ショートショット

百円玉

井上 由

 中学生のころ、技術・家庭科で使う道具の代金が足りないことがあった。確認して持ってきたつもりだったが、百円足りない。仲のいい友達に借りようとしたが、だれも余分を持っていないと言う。そのとき誰かが百円を貸してくれた。私は礼を言って借りたのだが、そのお金を返していないのだ。さらに誰に借りたのか覚えていない。そのことがずっと心の澱となって残っていた。

 あれから随分な年月が経ち、髭にまで白髪が交じるほどのいい年になってしまったが、事あるごとに百円借りたことを思い出し、心を痛めていた。友人に話すと「昔の話だし、百円くらいなら貸した方も覚えていない」と言う。私も「おそらくそうだろうな」と思うのだが、心の澱は依然として残り続けていた。

 ある夜のことだ。仕事を終え、自宅へ向うクルマを運転していた。コンビニを通り過ぎ、左折して住宅地へ入ったとき、左から声が聞こえた。クルマには誰も乗せていない。ラジオがついていたのかと思ったが違った。助手席にセーラー服姿の女の子が座っていたのだ。

 その顔には見覚えがあった。

「カナ……子?」

 中学三年生のとき、同じクラスだったカナ子に間違いなかった。

 カナ子が言う。

「まだあの百円のことを気にしているの? 卒業式の日、校門を出るときに返してもらったよ。私の手に百円玉を乗せてくれたよね」

 中学生のカナ子が助手席にいることに驚くより先に、私は十五歳の自分を、そして卒業の日の出来事を思い出していた。「そうだ、俺はカナ子に百円を借りて、卒業の日に返したんだ」と独り言が出た。

 私の声を聞いてか、カナ子は、

「思い出したのね」

とほほえんだ。そして少し寂しげな顔をすると、

「じゃあ、私、いくね」

と言い、音もなく消えてしまった。

 怖いとか、不思議だとかいう気持ちにはならなかった。「そうだった、思い出した」という思いが、頭の中を駆け巡っていた。

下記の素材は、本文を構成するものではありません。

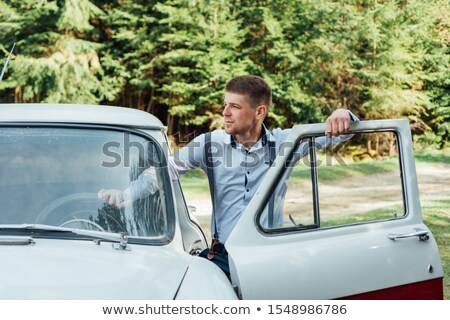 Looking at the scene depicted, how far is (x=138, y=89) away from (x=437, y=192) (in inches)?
707

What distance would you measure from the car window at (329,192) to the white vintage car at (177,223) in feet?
0.03

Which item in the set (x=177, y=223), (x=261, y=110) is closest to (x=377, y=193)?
(x=261, y=110)

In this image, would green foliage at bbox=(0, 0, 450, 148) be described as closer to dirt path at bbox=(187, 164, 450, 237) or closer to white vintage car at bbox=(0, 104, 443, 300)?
dirt path at bbox=(187, 164, 450, 237)

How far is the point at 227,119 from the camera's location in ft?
11.5

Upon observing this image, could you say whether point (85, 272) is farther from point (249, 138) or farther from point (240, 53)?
point (240, 53)

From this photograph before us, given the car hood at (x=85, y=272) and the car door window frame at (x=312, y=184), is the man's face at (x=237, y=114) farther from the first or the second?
the car hood at (x=85, y=272)

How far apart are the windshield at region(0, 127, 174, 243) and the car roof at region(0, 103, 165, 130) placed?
52 millimetres

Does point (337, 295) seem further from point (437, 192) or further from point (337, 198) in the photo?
point (437, 192)

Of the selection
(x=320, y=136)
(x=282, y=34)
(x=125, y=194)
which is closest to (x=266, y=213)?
(x=320, y=136)

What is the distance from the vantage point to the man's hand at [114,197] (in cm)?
308

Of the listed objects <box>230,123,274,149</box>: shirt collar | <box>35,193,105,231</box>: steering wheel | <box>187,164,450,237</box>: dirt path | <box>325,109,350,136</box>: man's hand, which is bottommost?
<box>187,164,450,237</box>: dirt path

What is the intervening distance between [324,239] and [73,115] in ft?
4.71

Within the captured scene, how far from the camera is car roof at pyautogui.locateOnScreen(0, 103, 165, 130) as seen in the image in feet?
10.8

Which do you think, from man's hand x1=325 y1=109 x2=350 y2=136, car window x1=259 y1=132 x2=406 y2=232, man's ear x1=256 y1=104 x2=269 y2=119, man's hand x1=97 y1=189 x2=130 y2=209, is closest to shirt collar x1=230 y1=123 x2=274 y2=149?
man's ear x1=256 y1=104 x2=269 y2=119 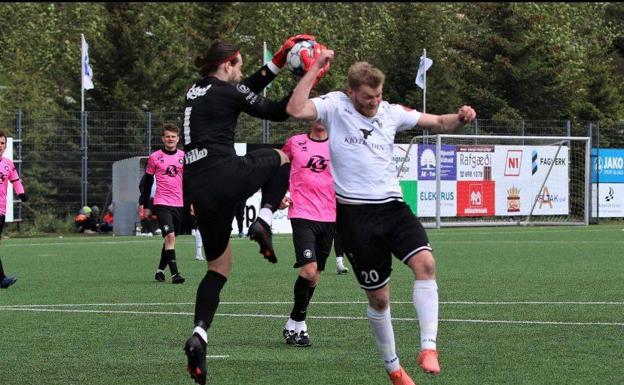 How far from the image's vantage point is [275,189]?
962 cm

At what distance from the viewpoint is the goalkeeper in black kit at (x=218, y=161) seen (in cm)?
893

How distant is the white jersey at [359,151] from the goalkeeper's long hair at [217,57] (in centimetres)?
88

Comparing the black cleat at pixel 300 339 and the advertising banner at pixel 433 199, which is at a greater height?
the advertising banner at pixel 433 199

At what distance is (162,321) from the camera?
41.6 ft

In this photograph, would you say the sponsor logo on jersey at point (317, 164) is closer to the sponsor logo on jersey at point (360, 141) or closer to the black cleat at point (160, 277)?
the sponsor logo on jersey at point (360, 141)

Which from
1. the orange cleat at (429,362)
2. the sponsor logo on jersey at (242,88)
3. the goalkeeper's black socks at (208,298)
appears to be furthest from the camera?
the sponsor logo on jersey at (242,88)

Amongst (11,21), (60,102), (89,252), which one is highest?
(11,21)

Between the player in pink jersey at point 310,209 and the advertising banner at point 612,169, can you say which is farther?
the advertising banner at point 612,169

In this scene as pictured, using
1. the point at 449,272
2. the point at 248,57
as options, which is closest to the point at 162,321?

 クルマが自宅に着き、エンジンを切ったとき、ケータイが鳴った。出ると、中学時代から仲のよい友人だった。彼が言う。

「カナ子が亡くなった。俺、参列するつもりだけど、お前もくるか?」

 突然、涙があふれ出した。どうしてなのか分からない。電話は「どうする?」と繰り返す。私はやっとの思いで「行くよ」と言った。

 何かが頭の中で鮮明になった。どうしてカナ子が助手席で百円の話をしたのか分かった気がした。気付かなかった。いや、気付かないふりをしていたのかもしれない。百円を借りた思い出は、唯一、私とカナ子だけのつながりの出来事。私はそれを忘れたくなかったのだろう。だからいつまでも百円を返していないと思い込み、心の底に思い出をしまい続けたのだ。

 いくら年を取っても、十代の淡い思い出は色褪せることはない。あれは私の初恋だったのだろうか。

 通夜会場に置かれた写真のカナ子は、中学時代よりふくよかになり、目尻に皺を寄せて笑っていた。